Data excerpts
+ + + + +
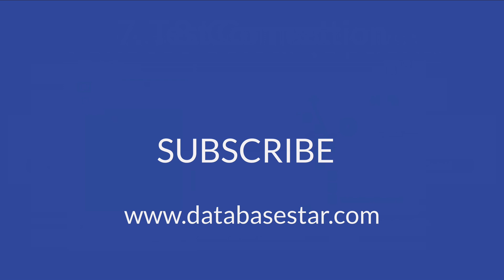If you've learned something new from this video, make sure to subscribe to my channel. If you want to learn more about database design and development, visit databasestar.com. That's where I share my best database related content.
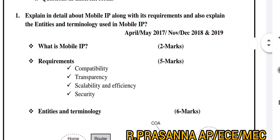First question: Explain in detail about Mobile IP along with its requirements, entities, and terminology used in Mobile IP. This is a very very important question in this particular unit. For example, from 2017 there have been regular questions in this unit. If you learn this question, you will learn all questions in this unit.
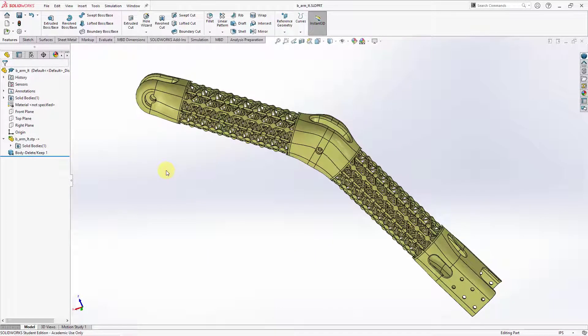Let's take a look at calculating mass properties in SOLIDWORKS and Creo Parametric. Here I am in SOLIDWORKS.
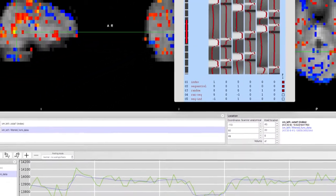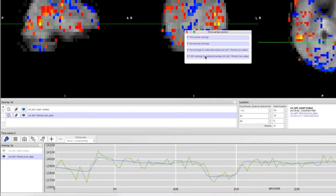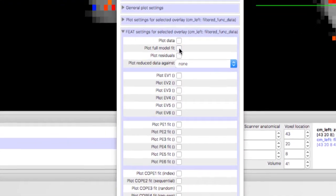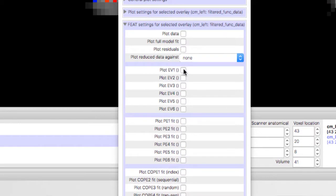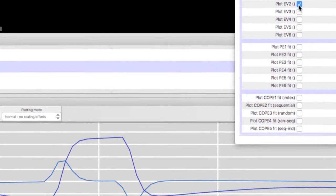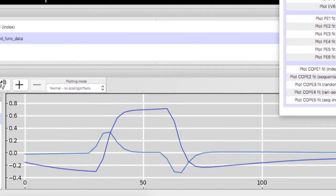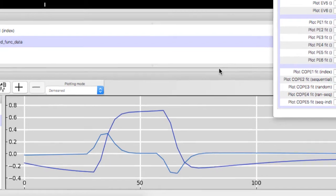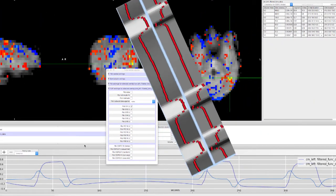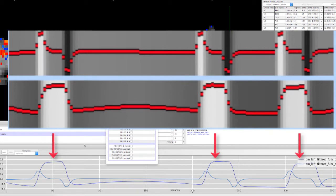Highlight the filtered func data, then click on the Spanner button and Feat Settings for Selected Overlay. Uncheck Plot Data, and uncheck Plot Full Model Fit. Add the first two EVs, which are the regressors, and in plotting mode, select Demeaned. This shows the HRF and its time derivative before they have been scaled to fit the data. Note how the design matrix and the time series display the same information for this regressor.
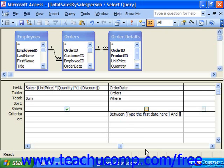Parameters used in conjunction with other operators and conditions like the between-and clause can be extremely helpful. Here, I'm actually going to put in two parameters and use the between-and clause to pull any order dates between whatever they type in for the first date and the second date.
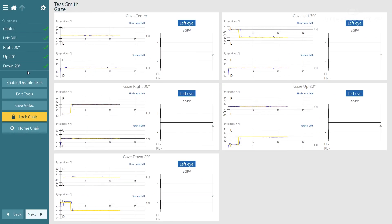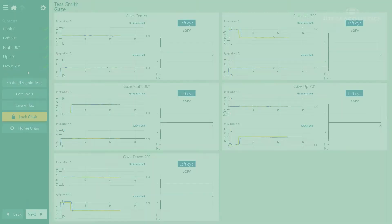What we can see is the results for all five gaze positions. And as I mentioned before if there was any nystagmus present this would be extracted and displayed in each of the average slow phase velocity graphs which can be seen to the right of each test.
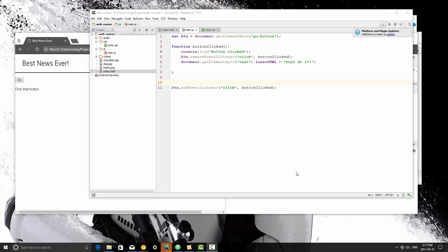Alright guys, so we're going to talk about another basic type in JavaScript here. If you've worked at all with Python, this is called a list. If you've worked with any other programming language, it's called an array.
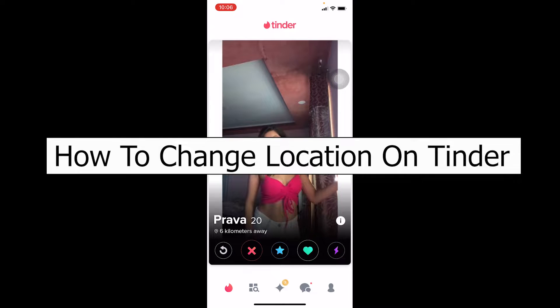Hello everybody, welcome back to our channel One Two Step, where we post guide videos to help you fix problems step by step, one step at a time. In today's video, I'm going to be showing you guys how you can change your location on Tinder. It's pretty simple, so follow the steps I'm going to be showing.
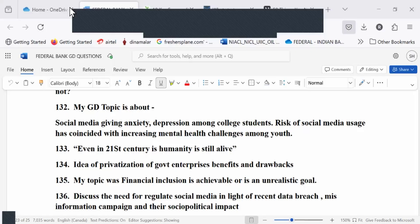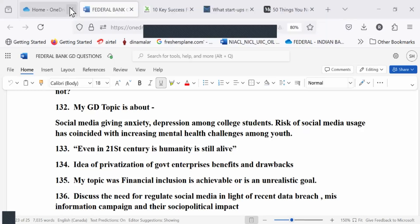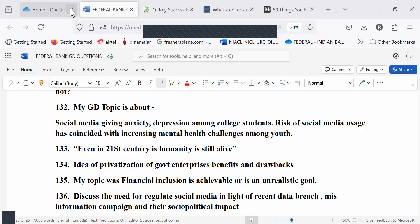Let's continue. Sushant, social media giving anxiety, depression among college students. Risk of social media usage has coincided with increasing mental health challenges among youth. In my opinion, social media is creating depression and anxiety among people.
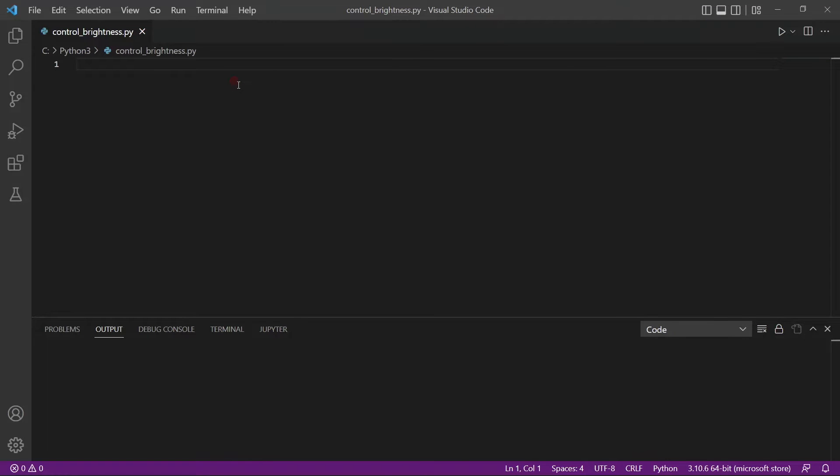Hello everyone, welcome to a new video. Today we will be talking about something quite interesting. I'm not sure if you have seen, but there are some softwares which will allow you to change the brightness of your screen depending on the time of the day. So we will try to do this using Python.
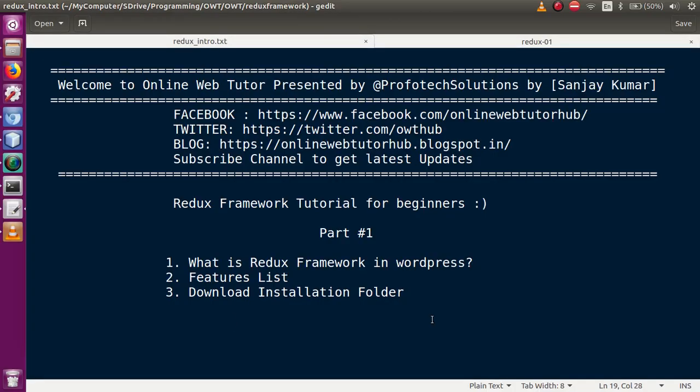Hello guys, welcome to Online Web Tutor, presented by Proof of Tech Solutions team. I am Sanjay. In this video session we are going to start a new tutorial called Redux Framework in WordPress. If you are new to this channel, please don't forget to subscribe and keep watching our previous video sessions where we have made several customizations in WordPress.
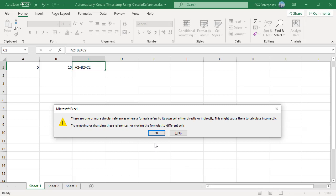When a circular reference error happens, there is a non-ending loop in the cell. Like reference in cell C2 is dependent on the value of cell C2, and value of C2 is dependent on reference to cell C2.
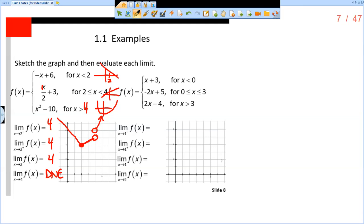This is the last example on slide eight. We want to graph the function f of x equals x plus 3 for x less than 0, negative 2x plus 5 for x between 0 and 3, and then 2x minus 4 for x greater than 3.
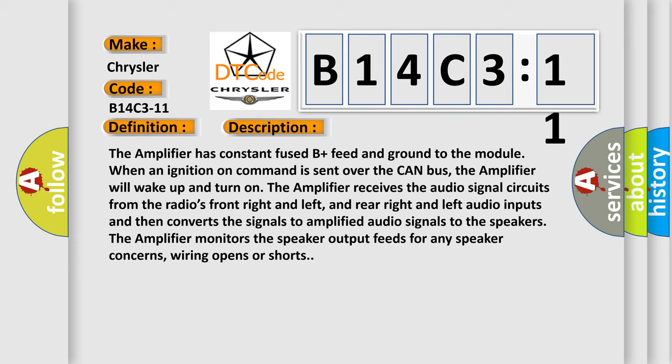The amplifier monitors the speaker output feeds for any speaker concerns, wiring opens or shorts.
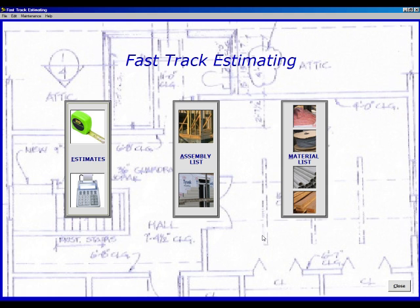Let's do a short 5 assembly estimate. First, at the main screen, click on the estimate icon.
+ + + + +
● **Instructions for the task**
Only the lines from the start of the records above through the line containing "Let's take a" should be returned, exactly and with both ends, please; the pictures stay out.

● **Answer to this problem**
If you've learned something new from this video, make sure to subscribe to my channel. If you want to learn more about database design and development, visit databasestar.com. That's where I share my best database related content.
First question: Explain in detail about Mobile IP along with its requirements, entities, and terminology used in Mobile IP. This is a very very important question in this particular unit. For example, from 2017 there have been regular questions in this unit. If you learn this question, you will learn all questions in this unit.
Let's take a look at calculating mass properties in SOLIDWORKS and Creo Parametric. Here I am in SOLIDWORKS.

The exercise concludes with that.